Sheldon e Leonard, por exemplo, são melhores amigos, dividem o mesmo espaço e precisam se adequar um ao outro, sendo o primeiro uma pessoas com poucas habilidades sociais e rigidez em suas rotinas sendo necessário descrever tudo em “acordos escritos” para que nada fuja ao seus padrões de normalidade o que faz com que Leonard tenha que desenvolver cada vez mais sua tolerância. Tolerância essa que aprendeu desde a infância por ter sido criado por uma mãe exigente e nada carinhosa. Durante a história, percebe-se que a carência afeto e afago materno é permanente sendo “resolvido” em uma das últimas cenas do último episódio da série em que o filho finalmente consegue um abraço afetuoso de sua mãe.

            Em se tratando de relações parentais, observa-se que são diversos tipos de construção de maternidade, a mãe de Leonard sendo fria e distante o que se destoa totalmente da mãe de Howard, que mesmo nunca tendo aparecido em pessoa na história, desenvolve uma relação de codependência com o filho sendo justificado pelo fato de ter sido abandonado pelo pai na infância. Mesmo que sua mãe traga elementos de humor para a história é nítido como ela manipula o filho para que sempre fique junto a ela. Já a mãe de Sheldon é uma cristã praticante e também superprotetora que não aceita o fato do filho ser um cientista e não comungar de suas crenças religiosas. A mãe de Amy é a típica “mãe devoradora” que quer dominar a filha. Os pais de Raj não aceitam muito bem o fato de ele ter saído do país e se envolver com mulheres de outra etnia.

            As relações amorosas também são desenvolvidas no decorrer da história com toques de humor e drama mas que nos ensinam sobretudo que estas relações são construídas com base em tolerância e trocas. Algumas situações nos deixam a impressão que um “lado” sai perdendo, mas analisando o contexto geral vemos que existe sim uma relação de trocas. O relacionamento entre Sheldon e Amy é um exemplo disso.

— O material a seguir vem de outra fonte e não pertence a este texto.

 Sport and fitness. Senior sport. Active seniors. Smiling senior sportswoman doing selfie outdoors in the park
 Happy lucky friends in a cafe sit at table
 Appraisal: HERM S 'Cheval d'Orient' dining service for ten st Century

            Sheldon é uma pessoa de padrões rígidos, tem aversão à mudanças, o contato físico é dispensável e relações sexuais são para ele é algo banal e desnecessário. Já Amy, embora tenha sido construída pelo estereótipo da “inteligente e esquisita” é muito mais pessoal, pensa e deseja sexo. Os dois se juntam em relação inicialmente de amizade e trocas científicas e desenvolvem a relação amorosa através do tempo. Amy faz tudo para agradar Sheldon que raramente retribui como ela gostaria, mas retribui como ele mesmo consegue devido às suas limitações. Após anos juntos ele finalmente se rende ao sexo e ao casamento, sem contudo, deixar de ser quem ele é.

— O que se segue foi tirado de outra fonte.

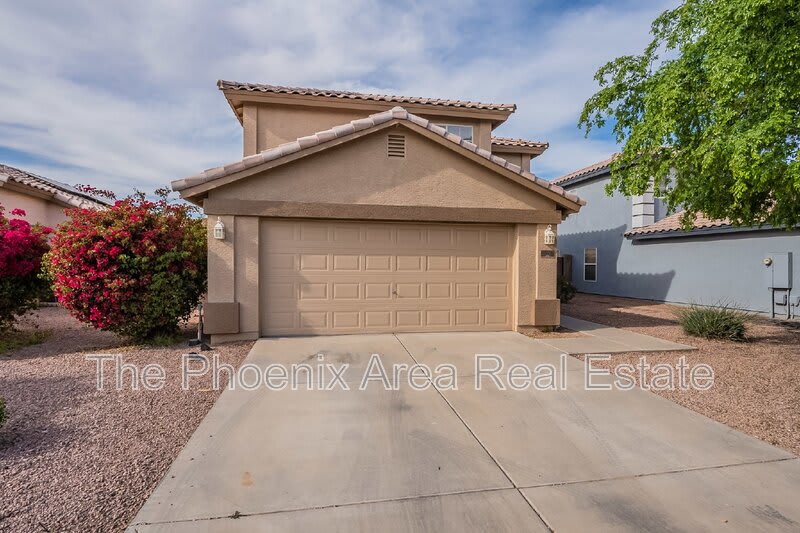 11928 W Columbine Dr – photo 1 of 45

            Leonard e Penny formaram o casal menos provável mas de muito carisma. Ele, cientista e sem traquejo social, ela garçonete e extrovertida. Os dois desenvolveram a relação com idas e vindas durante todo o percurso da série provando para o público que duas pessoas tão diferentes conseguem se dar bem em relacionamento amoroso. Ao contrário da união Amy/Sheldon entre Penny e Leonard é ele quem mais tende a ceder no relacionamento, embora tenham um final previsível com a gravidez de Penny que já havia deixado claro ao longo da história não ser um grande sonho.

            Já o relacionamento de Howard e Bernadette foi marcada pelos problemas habituais da conjugalidade. Inicialmente, pela influência da mãe dele, já que mantinham uma relação disfuncional e não queria que o casal vivesse em outra casa. Após, o fato de ela ganhar bem mais que ele e ainda ter que ser a responsável por toda a manutenção das tarefas domésticas, algo que a sobrecarrega. Mesmo assim, ela sempre demonstra admiração pelo marido e sempre estava ao seu lado quando ele sofria com as piadas dos amigos por ser o único que não tinha doutorado.

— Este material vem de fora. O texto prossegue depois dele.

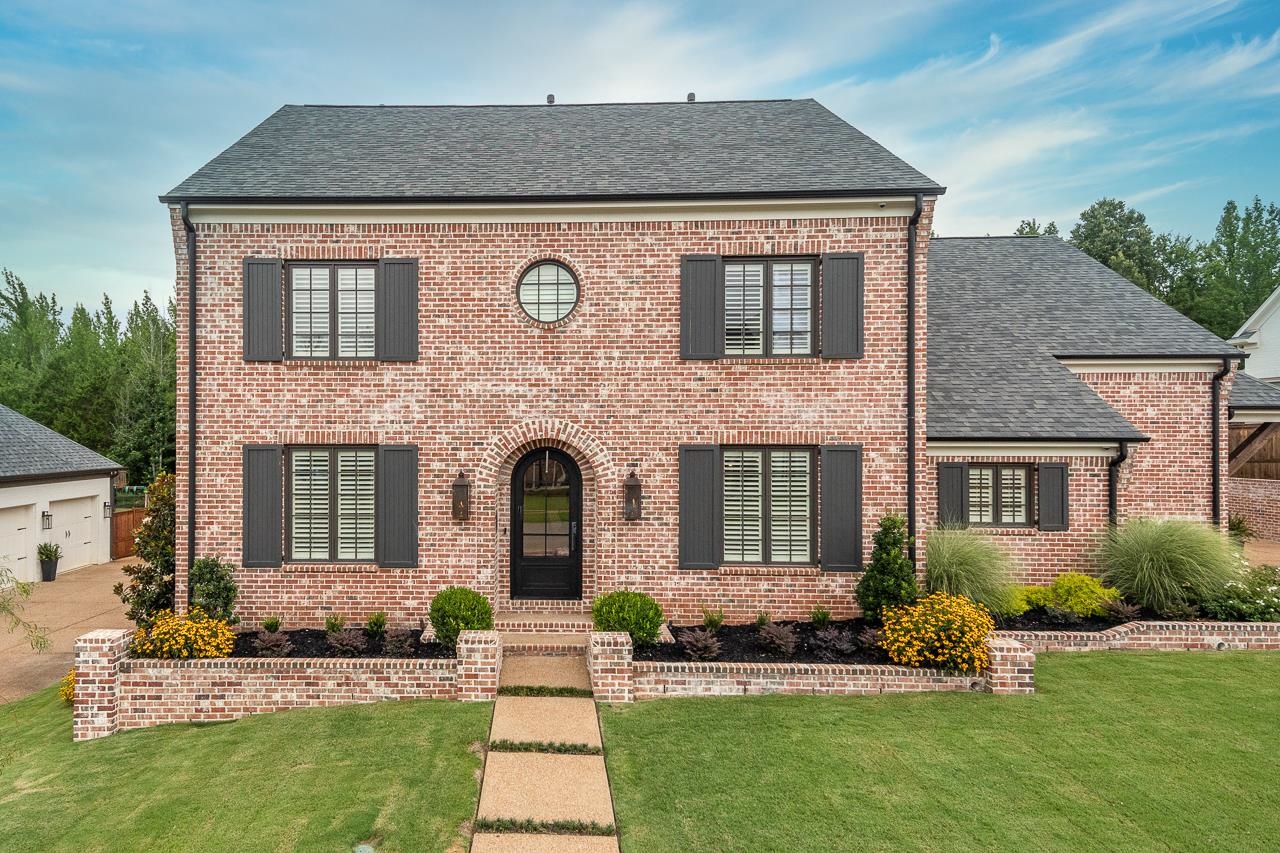 a front view of a house with a yard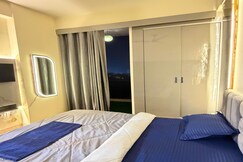 Stay Above the City Studio with Dual Balconies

            Raj foi o único do grupo a não conseguir uma relação duradoura, mostrando que relacionamento amoroso nem sempre fará parte da vida. Ele é um imigrante com uma extrema timidez e tem muitas dificuldades até mesmo para falar com mulheres até chegar a ponto de concordar com um casamento arranjado por seus pais como é costume em sua cultura, algo que não deu certo e Raj terminou a história sozinho.

            Estas histórias nos mostram que relacionamentos são difíceis e necessitam, além de amor, tolerância e o diálogo constantes. Algo que foi mostrado durante o desenvolvimento de todos os relacionamentos contidos no decorrer da história. Em alguns momentos, podemos não concordar com certas atitudes e pensar que um saia ganhando em decorrência do outro, o que não se constitui como uma verdade, já que em todas as ocasiões de conflitos os personagens conseguem dialogar e resolver as questões que geravam estes conflitos.

            Enfim, relações humanas são de extrema dificuldade e esta série nos mostra, com muito humor e sensibilidade que se relacionar com outras pessoas é complexo e que conflitos e desajustes sempre irão ocorrer, e que manter relacionamentos, de qualquer natureza, há uma necessidade de utilizar uma das maiores armas que o ser humanos possui, a comunicação.

Referências:

ANAZ, S. A. L. CERETA, F. M. Ciência e tecnologia no imaginário de The Big Bang Theory: das imagens arquetípicas à atualização de mitos e estereótipos na “Era do Conhecimento”. Revista FAMECOS Porto Alegre, v. 21, n. 2, p. 647-674, maio-ago. 2014. Disponível em:  https://www.redalyc.org/pdf/4955/495551016013.pdf. Acesso em: 08/09/2023.

FRANCO OLIVEIRA, A. C. TONUS, M. Bazinga! Uma Análise Neotribal Da Sitcom The Big Bang Theory. Intercom – Sociedade Brasileira de Estudos Interdisciplinares da Comunicação XVI Congresso de Ciências da Comunicação na Região Sudeste – São Paulo – SP – 12 a 14 de maio de 2011. Disponível em: http://www.intercom.org.br/papers/regionais/sudeste2011/resumos/R24-0340-1.pdf. Acesso em: 08/09/2023.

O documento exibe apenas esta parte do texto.